You don’t need a specific paella pan for this, but it is nice to own one, especially if serving this al fresco; the joy on everyone’s face when you carry it out is so wonderful. It’s great for a weekend lunch and entertaining, as it’s not too much work. This recipe is easily adaptable too; swap out the seafood and chicken for green beans, extra tomatoes and mushrooms to go veggie.

 

Ingredients

5 tbsp sunflower oil

4 chicken thighs, skinless and boneless

150g chorizo, cut into small dice

2 cloves of garlic, peeled and finely sliced

1 medium onion, finely diced

1 red bell pepper, finely diced

1½ litres vegetable or chicken stock

½ tsp saffron strands

350g paella rice

1 tsp smoked paprika

12 small clams, cleaned

12 mussels, cleaned and debearded

100g frozen peas

1 large tomato, cut into small dice

4 cloves of garlic, peeled and sliced

12 large raw prawns, deveined

1 medium squid, cleaned and sliced into rings

4 langoustines (optional)

5 tbsp chopped flat leaf parsley

Pinch of flaked sea salt

Grind of black pepper

1 lemon, cut into wedges

Method

Add a tablespoon of sunflower oil to a frying pan over a medium heat. Fry the chicken thighs and leave them to brown for 3 minutes on each side, put to one side, and cover with foil to keep warm.

Next, heat two tablespoons of oil in a paella or large frying pan over a medium heat. Add the chorizo and fry until the oils are starting to release, then add the garlic, onion and pepper to cook until softened. Meanwhile, heat the chicken stock in a saucepan and add the saffron into it. Mix well. Now add the paella rice to the paella pan and stir quickly until all the grains are completely coated and glossy. Add the paprika and pour in the hot saffron chicken stock. Wedge the chicken thighs deeply in the rice with just the tops showing.

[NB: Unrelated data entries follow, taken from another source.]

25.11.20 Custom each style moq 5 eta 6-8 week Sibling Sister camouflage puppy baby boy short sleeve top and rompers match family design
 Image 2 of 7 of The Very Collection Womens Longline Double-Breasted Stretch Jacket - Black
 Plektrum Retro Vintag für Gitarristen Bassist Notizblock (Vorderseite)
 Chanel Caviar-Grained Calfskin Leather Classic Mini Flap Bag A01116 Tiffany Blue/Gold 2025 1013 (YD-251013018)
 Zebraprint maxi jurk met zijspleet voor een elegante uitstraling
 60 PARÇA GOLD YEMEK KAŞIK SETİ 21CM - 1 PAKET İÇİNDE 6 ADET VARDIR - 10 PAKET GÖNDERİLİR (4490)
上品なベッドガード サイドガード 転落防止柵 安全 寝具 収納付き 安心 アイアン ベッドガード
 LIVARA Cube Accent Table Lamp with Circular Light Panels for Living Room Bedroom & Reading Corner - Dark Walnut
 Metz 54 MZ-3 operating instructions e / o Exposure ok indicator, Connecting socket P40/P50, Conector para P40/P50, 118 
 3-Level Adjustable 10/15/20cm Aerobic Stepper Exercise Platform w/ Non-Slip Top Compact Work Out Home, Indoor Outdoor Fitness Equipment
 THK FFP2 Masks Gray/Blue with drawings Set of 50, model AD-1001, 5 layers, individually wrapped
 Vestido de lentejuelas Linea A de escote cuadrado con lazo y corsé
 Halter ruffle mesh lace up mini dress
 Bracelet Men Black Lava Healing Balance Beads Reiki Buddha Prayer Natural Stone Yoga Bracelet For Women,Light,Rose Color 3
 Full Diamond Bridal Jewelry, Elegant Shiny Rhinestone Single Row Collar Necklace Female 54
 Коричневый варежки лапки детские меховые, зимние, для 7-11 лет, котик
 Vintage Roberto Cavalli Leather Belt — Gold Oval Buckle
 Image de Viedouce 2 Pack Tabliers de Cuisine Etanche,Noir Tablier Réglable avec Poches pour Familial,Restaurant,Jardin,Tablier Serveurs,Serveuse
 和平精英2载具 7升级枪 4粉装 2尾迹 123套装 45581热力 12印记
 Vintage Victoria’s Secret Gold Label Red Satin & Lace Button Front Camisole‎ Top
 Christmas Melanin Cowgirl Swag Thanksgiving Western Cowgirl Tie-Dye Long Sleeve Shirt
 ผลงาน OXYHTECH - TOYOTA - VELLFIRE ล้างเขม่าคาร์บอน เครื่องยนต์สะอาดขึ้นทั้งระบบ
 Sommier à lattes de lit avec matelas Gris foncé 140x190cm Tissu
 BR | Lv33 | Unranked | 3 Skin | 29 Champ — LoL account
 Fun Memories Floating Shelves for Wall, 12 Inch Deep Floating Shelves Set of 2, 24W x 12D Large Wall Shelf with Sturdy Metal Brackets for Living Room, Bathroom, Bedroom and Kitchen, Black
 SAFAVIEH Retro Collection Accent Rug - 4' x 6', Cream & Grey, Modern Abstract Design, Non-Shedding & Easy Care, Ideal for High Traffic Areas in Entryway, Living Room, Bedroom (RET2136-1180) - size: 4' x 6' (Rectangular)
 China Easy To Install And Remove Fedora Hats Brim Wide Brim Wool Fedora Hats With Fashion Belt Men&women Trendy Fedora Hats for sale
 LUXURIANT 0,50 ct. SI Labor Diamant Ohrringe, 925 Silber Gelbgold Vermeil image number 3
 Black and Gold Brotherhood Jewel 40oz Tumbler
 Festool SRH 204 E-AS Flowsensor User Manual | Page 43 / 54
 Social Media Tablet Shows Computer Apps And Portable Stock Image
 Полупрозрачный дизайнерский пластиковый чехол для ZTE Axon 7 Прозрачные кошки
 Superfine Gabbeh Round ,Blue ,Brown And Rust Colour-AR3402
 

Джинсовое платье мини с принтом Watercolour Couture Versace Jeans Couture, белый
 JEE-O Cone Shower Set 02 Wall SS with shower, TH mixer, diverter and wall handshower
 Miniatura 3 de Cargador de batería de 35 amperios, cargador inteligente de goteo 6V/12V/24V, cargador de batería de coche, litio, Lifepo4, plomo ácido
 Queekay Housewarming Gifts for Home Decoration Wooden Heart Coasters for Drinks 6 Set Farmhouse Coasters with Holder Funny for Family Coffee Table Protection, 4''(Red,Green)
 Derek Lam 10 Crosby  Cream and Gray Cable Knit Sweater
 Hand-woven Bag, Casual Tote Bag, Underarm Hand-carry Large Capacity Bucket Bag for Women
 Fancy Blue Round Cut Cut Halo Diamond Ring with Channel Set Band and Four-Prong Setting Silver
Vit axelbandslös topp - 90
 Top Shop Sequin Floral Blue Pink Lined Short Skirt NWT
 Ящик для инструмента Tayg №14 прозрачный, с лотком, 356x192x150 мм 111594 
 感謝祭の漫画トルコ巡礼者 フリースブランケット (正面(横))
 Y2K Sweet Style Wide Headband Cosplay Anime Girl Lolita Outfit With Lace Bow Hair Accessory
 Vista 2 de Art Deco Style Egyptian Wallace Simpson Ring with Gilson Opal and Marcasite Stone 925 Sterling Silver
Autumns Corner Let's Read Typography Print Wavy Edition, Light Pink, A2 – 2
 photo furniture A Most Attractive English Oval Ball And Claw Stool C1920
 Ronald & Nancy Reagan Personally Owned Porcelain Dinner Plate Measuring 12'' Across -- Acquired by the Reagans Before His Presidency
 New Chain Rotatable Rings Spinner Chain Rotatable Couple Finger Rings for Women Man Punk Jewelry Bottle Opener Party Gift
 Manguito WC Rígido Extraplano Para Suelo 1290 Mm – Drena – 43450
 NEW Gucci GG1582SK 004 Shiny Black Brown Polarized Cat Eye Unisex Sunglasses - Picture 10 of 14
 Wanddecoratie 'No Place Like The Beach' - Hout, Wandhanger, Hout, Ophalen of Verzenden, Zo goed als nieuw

Over the next 15 minutes, add extra water, 100ml at a time, as the rice starts to absorb the stock. Be careful not to add too much though, and stay with it, as you don’t want the bottom layer to catch and burn or the rice to dry out. Add the clams, mussels, peas and chopped tomato, then continue to cook the gently bubbling paella for another 10 to 15 minutes while it continues to absorb liquid.

Clean and dry your chicken pan, heat one tablespoon of oil and then add half the garlic. Once it has started to brown, add the prawns two or three at a time so you don’t overcrowd the pan. Cook on both sides until all the prawns are done, adding a little more oil if needed. Place on a plate lined with kitchen paper to absorb excess grease, then add the prawns to your paella.

Clean and dry the pan again, place on a medium heat and add the last tablespoon of oil. When the oil is really bubbling, add the remaining garlic and then the squid rings. Give them 10 seconds in the pan to get some colour, turning to cook both sides, then evenly distribute the squid in the paella. Finally, add the langoustines (if using) to the frying pan and allow the heat to cook them on all sides for 1 minute. Carefully transfer them into the paella.

Scatter the chopped parsley over the paella, season with salt and pepper then serve immediately with lots of lemon wedges and aioli (p.190).